*Saved entries*
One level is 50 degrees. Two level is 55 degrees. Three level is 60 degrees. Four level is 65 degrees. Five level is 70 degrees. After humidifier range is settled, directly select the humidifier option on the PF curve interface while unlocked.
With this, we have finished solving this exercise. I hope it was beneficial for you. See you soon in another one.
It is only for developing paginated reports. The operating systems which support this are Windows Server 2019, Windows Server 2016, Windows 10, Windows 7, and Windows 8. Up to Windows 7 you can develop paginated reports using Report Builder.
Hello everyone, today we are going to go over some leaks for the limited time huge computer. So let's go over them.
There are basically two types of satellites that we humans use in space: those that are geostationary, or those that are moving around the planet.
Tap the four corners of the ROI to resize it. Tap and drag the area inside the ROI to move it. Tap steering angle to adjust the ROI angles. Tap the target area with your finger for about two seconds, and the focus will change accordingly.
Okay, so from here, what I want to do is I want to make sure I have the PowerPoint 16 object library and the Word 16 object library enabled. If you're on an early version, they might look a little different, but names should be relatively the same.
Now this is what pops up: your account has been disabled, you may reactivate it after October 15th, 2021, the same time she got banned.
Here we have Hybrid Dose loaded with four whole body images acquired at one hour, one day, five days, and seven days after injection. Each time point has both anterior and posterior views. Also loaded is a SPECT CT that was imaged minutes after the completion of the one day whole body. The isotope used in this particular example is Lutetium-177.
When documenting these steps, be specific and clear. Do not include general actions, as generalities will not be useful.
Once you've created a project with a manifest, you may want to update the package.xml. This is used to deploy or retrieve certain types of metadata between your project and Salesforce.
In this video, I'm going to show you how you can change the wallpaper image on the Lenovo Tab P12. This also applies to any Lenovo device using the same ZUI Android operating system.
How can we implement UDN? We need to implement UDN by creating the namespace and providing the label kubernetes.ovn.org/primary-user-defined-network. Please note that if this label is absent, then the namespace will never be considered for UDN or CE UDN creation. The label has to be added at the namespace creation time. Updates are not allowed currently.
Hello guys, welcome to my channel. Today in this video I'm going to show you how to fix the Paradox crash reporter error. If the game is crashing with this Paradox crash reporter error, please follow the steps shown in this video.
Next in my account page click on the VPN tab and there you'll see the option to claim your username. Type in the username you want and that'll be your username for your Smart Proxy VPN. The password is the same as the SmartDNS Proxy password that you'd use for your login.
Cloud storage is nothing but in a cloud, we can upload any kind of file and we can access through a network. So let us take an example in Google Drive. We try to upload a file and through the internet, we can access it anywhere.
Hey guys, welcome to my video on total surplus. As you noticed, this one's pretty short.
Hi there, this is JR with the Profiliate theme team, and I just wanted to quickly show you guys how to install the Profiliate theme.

*ABOUT THIS TASK*
Your response should be each line that includes the word "Hello", copied from the records.

*WRITTEN SOLUTION*
Hello everyone, today we are going to go over some leaks for the limited time huge computer. So let's go over them.
Hello guys, welcome to my channel. Today in this video I'm going to show you how to fix the Paradox crash reporter error. If the game is crashing with this Paradox crash reporter error, please follow the steps shown in this video.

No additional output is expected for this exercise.